In the entries below, find each line with the string "Photo" and copy it.

BEGIN PROVIDED DATA

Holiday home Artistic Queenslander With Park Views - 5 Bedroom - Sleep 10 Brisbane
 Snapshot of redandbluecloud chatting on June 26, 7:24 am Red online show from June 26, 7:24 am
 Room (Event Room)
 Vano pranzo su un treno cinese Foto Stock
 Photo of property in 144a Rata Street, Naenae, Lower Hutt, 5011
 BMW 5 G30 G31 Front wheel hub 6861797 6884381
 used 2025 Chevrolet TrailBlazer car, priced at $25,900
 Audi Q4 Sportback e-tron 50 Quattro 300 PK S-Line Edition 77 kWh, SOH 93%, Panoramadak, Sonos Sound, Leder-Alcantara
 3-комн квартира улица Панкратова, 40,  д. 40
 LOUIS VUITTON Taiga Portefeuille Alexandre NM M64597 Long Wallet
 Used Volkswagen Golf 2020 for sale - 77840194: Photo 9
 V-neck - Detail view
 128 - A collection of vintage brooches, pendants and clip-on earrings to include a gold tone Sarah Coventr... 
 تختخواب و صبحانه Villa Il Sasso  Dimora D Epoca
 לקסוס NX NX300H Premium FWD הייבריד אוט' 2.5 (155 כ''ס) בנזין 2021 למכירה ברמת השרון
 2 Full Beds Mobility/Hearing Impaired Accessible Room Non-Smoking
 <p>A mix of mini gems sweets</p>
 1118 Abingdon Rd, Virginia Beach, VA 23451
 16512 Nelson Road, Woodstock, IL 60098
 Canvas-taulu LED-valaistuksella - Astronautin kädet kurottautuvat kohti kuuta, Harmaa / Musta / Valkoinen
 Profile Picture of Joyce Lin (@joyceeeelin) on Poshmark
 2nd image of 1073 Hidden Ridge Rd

END PROVIDED DATA

SOLUTION FOR THIS EXERCISE:
 Photo of property in 144a Rata Street, Naenae, Lower Hutt, 5011
 Used Volkswagen Golf 2020 for sale - 77840194: Photo 9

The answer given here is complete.